Estland als Trendsetter Europas: Digitales Staat-up

In Estland ist das Internet nie fern: Das Land ist digitaler Vorreiter in Europa. Ein Kommentar.

Ein Kommentar von Florian Hartleb

Wer den "Spiegel" vom 9. Januar 2016 aufschlug, sah die German Angst bestätigt. "Auf der Kippe ", lautet die Titelgeschichte. Hier dreht sich derzeit alles um die Flüchtlingsthematik. Weiter hinten hingegen geht es jenseits der Grenzdiskussion um Industrie oder Mittelstand 4.0. Deutschland will nun, staatlich subventioniert und etwas verkrampft, die vierte industrielle Revolution ausrufen. Die momentan tolle deutsche Konjunktur wirkt. Da stört ein kleines Land, nämlich Estland, ein nordostmitteleuropäischer Staat mit der Einwohnerzahl von München, 1,3 Millionen, und der Fläche von Niedersachsen. Man denke an ein kleines gallisches Dorf bei Asterix. Der "Spiegel"-Artikel beschreibt das digitale Estland, indem es den Staat von A bis Z aufs Korn nimmt: Sarkasmus pur. Von Staat-up ist die Rede, ebenso im Titel von "Cyblabla in Laptopia". Kein Ausländer will angeblich in dem Land leben.

Saunaaufguss "2048"

Es stimmt, zumindest die Flüchtlinge wollen mehrheitlich nach Deutschland, Schweden oder Österreich, nicht nach Estland, das sie nicht kennen. Dahin kommen bis jetzt weniger, als die Esten selbst aufnehmen wollen. Auch in Deutschland sprechen viele von den Estländern oder von den Balten, schlimmer wäre nur noch: von den Russen. Dabei gibt es neben der Hansestadt Tallinn viel Meer, schöne Inseln, eine traditionelle Universitätsstadt, ein Wintersportgebiet, gepflegte Dörfer und Kleinstädte, viel Natur wie Wald, und vor allem gastfreundliche, patriotisch wie weltoffene Menschen. In Tallinn selbst ist die Hansekultur allgegenwärtig. Ist also die im "Spiegel" beschriebene postsowjetische Tristesse die Wirklichkeit im hohen Norden, ein Marketinggag im Sinne von 1984, also ein Schreckensszenario für Strukturkonservative, Datenschützer und deutsche Großindustrie? Es fehlt nur noch ein Verweis auf das Orwell'sche "1984", im 21. Jahrhundert dann vielleicht treffender und quasi als Saunaaufguss "2048". Unterschwellig klingt durch: Innovation kann nur von der Industrie und von den Konzernen ausgehen, Veränderungskultur allein im Rahmen von analoger Verwaltung und dosiert. Estland, 1991 unabhängig geworden, stellte hingegen schon in den 90er Jahren die Weichen, den Staat mit Digitalisierung zu modernisieren. Seit 2000 hat jeder Bürger einen verfassungsmäßigen Anspruch auf das Internet. Kostenloses W-Lan gibt es fast überall. Praktisch bedeutet das: Auch in der finnischen Sauna auf dem Land ist der Gang ins Internet nicht weit.

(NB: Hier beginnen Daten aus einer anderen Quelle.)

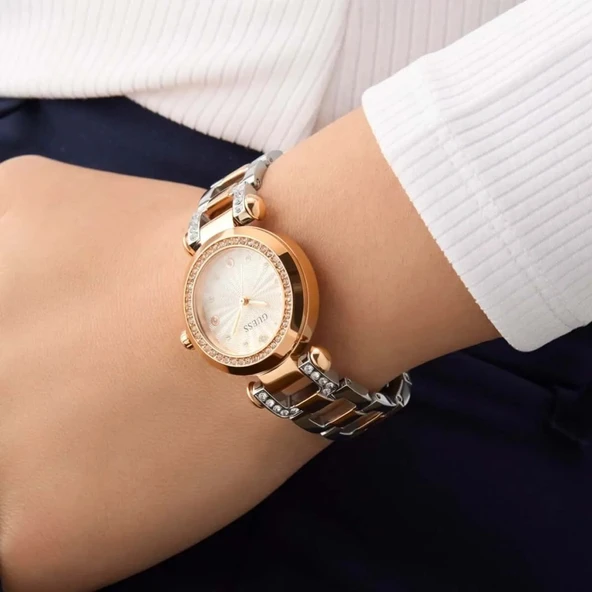 GUESS GUGW0869L2 ROSE GOLD TAŞLI KADIN KOL SAATİ - Resim 5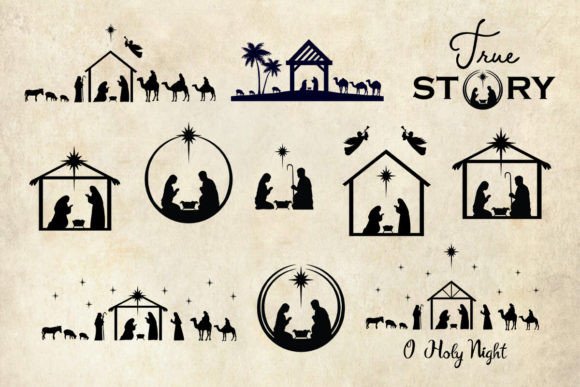 Nativity Bundle: Festive Graphics for Local Business Branding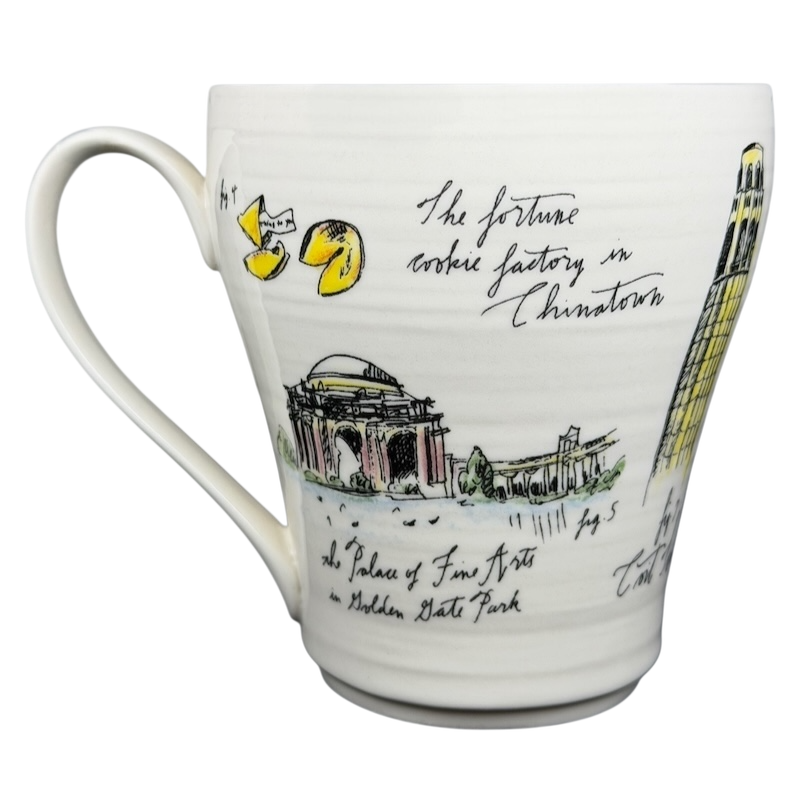 I Love San Francisco Diva Pyari Vignette Mug Linea Carta Anthropologie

Eine Broschüre "Möglichkeiten und Grenzen der digitalen Infrastruktur und Daseinsvorsorge", prominent vorgestellt beim Bundesministerium für Verkehr und digitale Infrastruktur im vergangenen November, kommt zu klaren Befunden. Das dortige Interesse an Digitalisierung ist immens, da der zuständige Minister Alexander Dobrindt unlängst davon sprach, dass es ab der nächsten Legislaturperiode, wohl 2017, ein Digitalisierungsministerium geben soll. Ziel der Politik ist es, die Kompetenzverstrickungen zu entknoten. Über Estland steht in der Auftragsarbeit des Lehrstuhls Regionalentwicklung und Raumordnung der Technischen Universität Kaiserslautern: "Estland ist eines der Länder, in denen die Einführung digitaler Dienstleistungen bereits weit fortgeschritten ist ... Gerade im Bereich der Verwaltung bestehen bereits zahlreiche Nutzungen. Die digitale Agenda 2020 für Estland schreibt als Ziel vor, dass alle Einwohner bis zum Jahr 2020 über schnelles Internet (30 Mbit/s und mehr) verfügen und mind. 60 % der Haushalte täglich ultraschnelles Internet (100 Mbit/s oder schneller) nutzen können". Das Rückgrat dafür bildet die so genannte X-road, ein dezentrales System, das den Datenaustausch zwischen den verschiedenen Datenbanken ermöglicht. Durch die Nähe in Sprache, Kultur und Distanz zu Finnland – Tallinn liegt über den Seeweg 88 km entfernt von Helsinki – wird die Datenautobahn nun zu Finnland ausgebaut beziehungsweise damit verwaltungstechnisch verkoppelt.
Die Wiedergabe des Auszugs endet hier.